As you can see in the above diagram, processor 2 is idle. It will check its run queue and find that it is empty. It will then check the global run queue for goroutines.

The diagram shows that processor 2 steals 2 goroutines from the global run queue, ensuring fairness by only stealing the equivalent number of goroutines available divided by the number of processors. With 3 processors and 6 goroutines in the global run queue, each processor takes 2 goroutines.

Network Poller

The network poller is another component of the go runtime that is responsible for handling asynchronous system calls such as network I/O. For instance, if a goroutine is waiting for a network request to complete, the goroutine will be added to the network poller. This is to avoid blocking the kernel thread.

If the global run queue is also empty, the processor will then have to poll the network.

If there is a runnable goroutine in the network poller (ready), the processor will add it to its local run queue.

NOTE: the code snippet below demonstrates that sockets in Go are non-blocking. It was taken from src/net/sock_cloexec.go

// Wrapper around the socket system call that marks the returned file
// descriptor as nonblocking and close-on-exec.
func sysSocket(family, sotype, proto int) (int, error) {
	s, err := socketFunc(family, sotype|syscall.SOCK_NONBLOCK|syscall.SOCK_CLOEXEC, proto)
	if err != nil {
		return -1, os.NewSyscallError("socket", err)
	}
	return s, nil
}

Cases where the global run queue, local run queue, and network poller are empty

If both the global run queue and local run queue are empty and the network poller is blocked, the processor randomly steals work from another processor, including itself. If a processor with runnable goroutines is found, half of the goroutines are taken and added to the stealing processor’s run queue.

In the above diagram, processor 2 is idle. It will check all of the run queues including the network poller. It will find that all the queues are empty. It will then have to randomly pick a processor to steal work from.

Processor 2 randomly picked processor 1 to steal work from. It will steal half of the work from processor 1 and add it to its run queue. Now no processor is idle.

Fairness Hierarchy

The go runtime uses a hierarchy of fairness to ensure that goroutines are not starved. The hierarchy is as follows:

Goroutine - preemption.
Local run queue - time slice inheritance.
Global run queue - check once in a while.
Network poller - background thread.

All these steps result in fairness at a minimal cost.

Handoff

We have seen how goroutines end up running on the kernel threads, but what happens when a thread blocks itself? For instance, if a goroutine does a system call, it will block the kernel thread causing the other goroutines in the local run queue to be starved.

When this happens, the go runtime will call releasep to release the processor. This will disassociate the processor from the kernel thread. The processor will then be assigned a new kernel thread that is already available or a new kernel thread will be created.

This process is referred to as handoff.

Handoffs can be expensive, especially when we have to create a new kernel thread to associate with the processor. Also doing handoff for every syscall is not optimal as some syscalls may be shortlived and the kernel thread might not be blocked for long. To optimize this the go runtime handles the handoff in a slightly intelligent way.

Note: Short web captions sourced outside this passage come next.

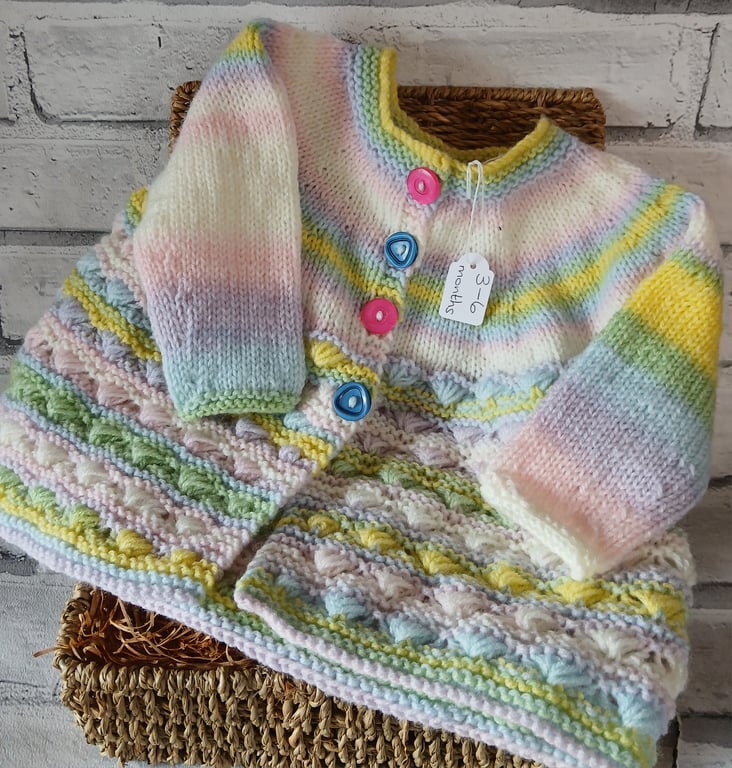 Handknitted baby cardigan.  Approx  3 to 6 mths.  Price includes P and P.. 
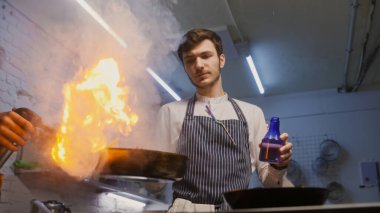 Önlüklü erkek aşçı, kızartma tavasını ateşe veriyor. Flaşlı et kızartması, gaz ocağı kullanıyor ve biber ekliyor. Gurme yemeği hazırlama süreci. Profesyonel mutfağı olan bir restoran. Gastronomik sanat.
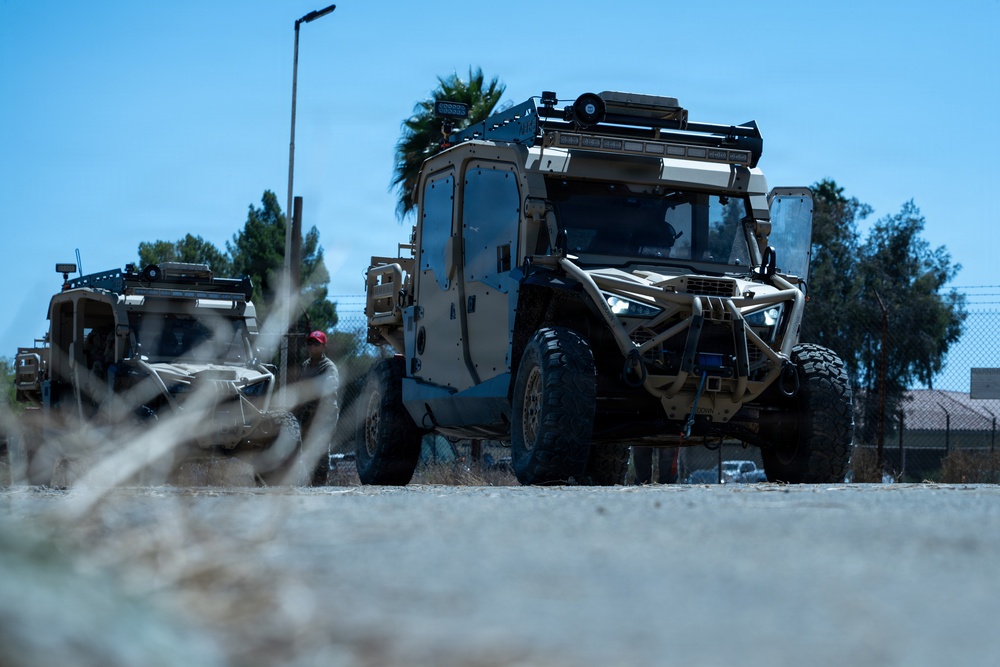 The image shows two tactical military utility vehicles in a tan/desert camouflage color scheme parked or moving on a dusty surface. The vehicles appear to be heavily modified off-road platforms with armored cab enclosures, roof-mounted equipment racks, and light bars. The setting appears to be a military installation or training area in an arid environment.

The go scheduler will do immediate handoff if it knows that the syscall will be blocking for a long time. For instance, doing a read on a socket will block the kernel thread for a long time.
In other cases, it will let the processor be in a block. It will then set the status to reflect that it is in a syscall. Using Sysmon the go runtime will periodically check if the processor is still in a syscall. If it is still in a syscall, it will do a handoff.

What happens when you return from a handed-off syscall?

When you return from a syscall the scheduler will check if the old processor (the one that was handed off) is available. If it is, the goroutine will associate itself with it. If the older processor is not available, the goroutine will associate itself with any idle processor. And if there are no idle processors, the goroutine will be added to the global run queue. Subsequently, it also parks that were in the syscall.